While sitting down to have an afternoon chat with a stylish friend of mine, we inevitably started talking about fashion. People our age are usually talking about the future - what will we do for a living, where will we live, when will we marry,
who will we marry. But my friend asked me a question that took me back to my past - "How did you get interested in fashion?"
Of course that is a question I have pondered over when I'm lost in the depths of my own mind, but I have never really formulated an actual response. I didn't need to; no one had ever asked me before, and I was quite happy living with some abstract understanding of how I came to fall so deeply in love with fashion.
Eventually, however, ignorance can no longer be ignored, so even though I didn't manage to give a good response to my friend at the time, I will attempt one here.
I can say with certainty that I had no interest in fashion as a child. My mom used to watch Fashion Television (RIP Fashion Television and Jeanne Beker's legacy) and I vividly remember thinking, "This is so weird. No one wears these kind of clothes!" Not a statement usually heard from a fashion lover. The first time I had a connection with fashion was replete with stress and anxiety. It was grade 7, the most cliquey year of my life. I realized that in order to be considered cool or popular, you had to have a certain interest in fashion. And so that was how I started telling people I liked fashion, and that yes,
of course I wanted to be a fashion designer.

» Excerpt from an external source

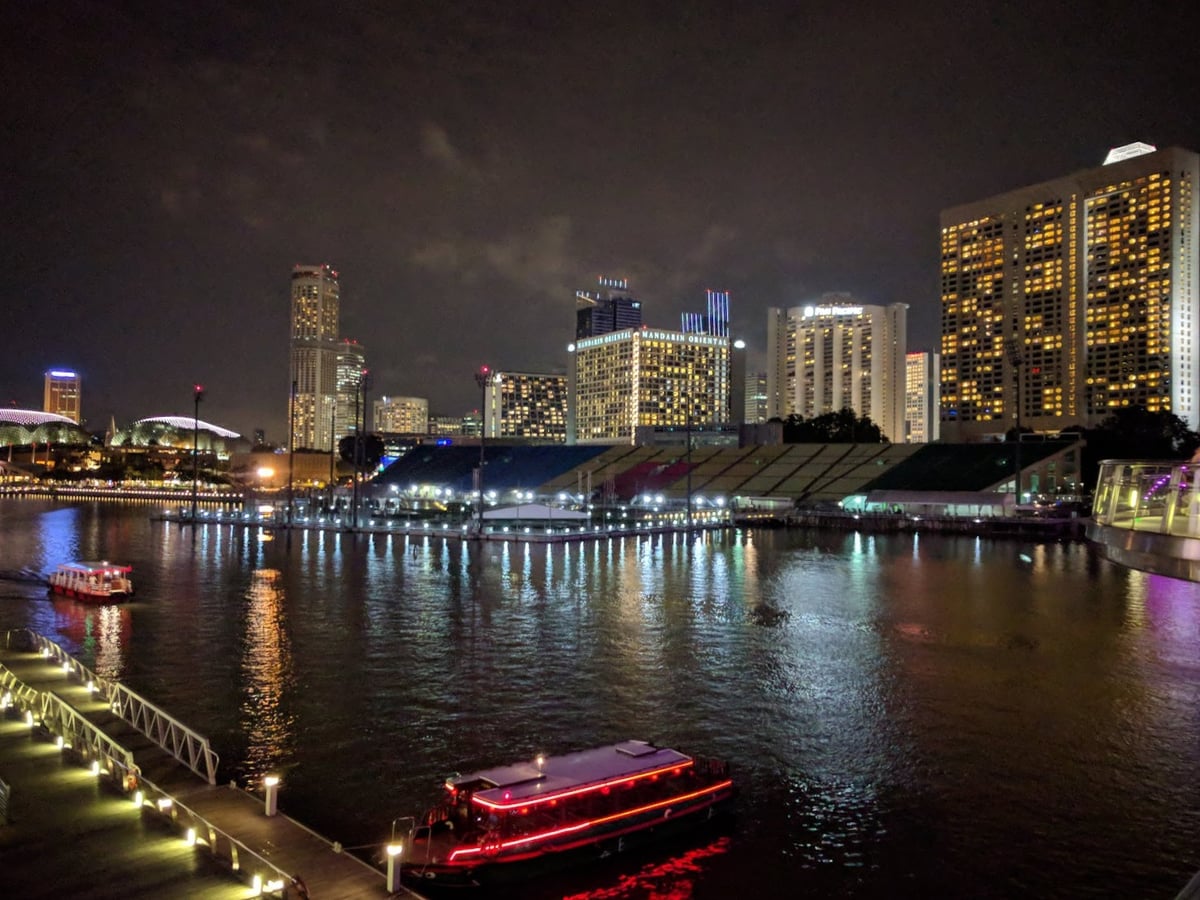 Vista nocturna de Marina Bay en Singapur con edificios iluminados y reflejos en el agua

But don't worry, this is not as bleak as it sounds. As I changed schools in grade 8, I was surrounded by a better group of people, and it allowed me to look at fashion from a different perspective. Although I knew deep inside that I was not cut out to be a designer, I started to realize that I actually did like fashion. I started watching runway shows on Youtube (as I've said before, Versace Spring/Summer 2008 was the show that started it all), watching Fashion Television, and familiarizing myself with designers. After having lived through a short, horrible moment of not knowing what I wanted to be, I came across an editor's letter. In it, the editor was describing the first time she realized she wanted to become a fashion editor. And it was at that moment that I had the same revelation.
It made so much sense. Before my revelation, I had begun to discover how much I loved writing and how much it was actually a part of me. I had my first 100% in short story writing in early elementary, one of my teachers had told me how she could tell I expressed myself better through the written word, and the the first time I was published was in grade 5 (a short quote in the book
Dear Teacher). The joy I get seeing my published name before a bunch of text which I have strung together in a way no one else has is incomparable (writing is almost like a fingerprint, no?). What could be better than combining my love for fashion and writing?
I've said before that we are always learning in fashion. After realizing how little I knew about the decades of fashion, I desperately cut out a newspaper article chronicling the different decades and their signature styles. I stuck it up on my cork board for many years, until the pages yellowed, hoping I would eventually know it by heart. I finally relegated it to the recycling bin last month. And there was a time when I decided to upgrade to reading Vogue, only to come out of it completely winded and exhausted. I was not yet advanced enough to read Vogue. Although I can and have been reading Vogue for a couple years now, I am nowhere near finished learning.
This recalling of events has gone way beyond answering the question of how I got interested in fashion, but it is all part of a larger evolution. Each event led to another, and each event had a purpose. Now when I look back, I see how ever since childhood, I have been making tiny steps towards what I now know as a burning passion. One small (Louboutin-clad) step at a time.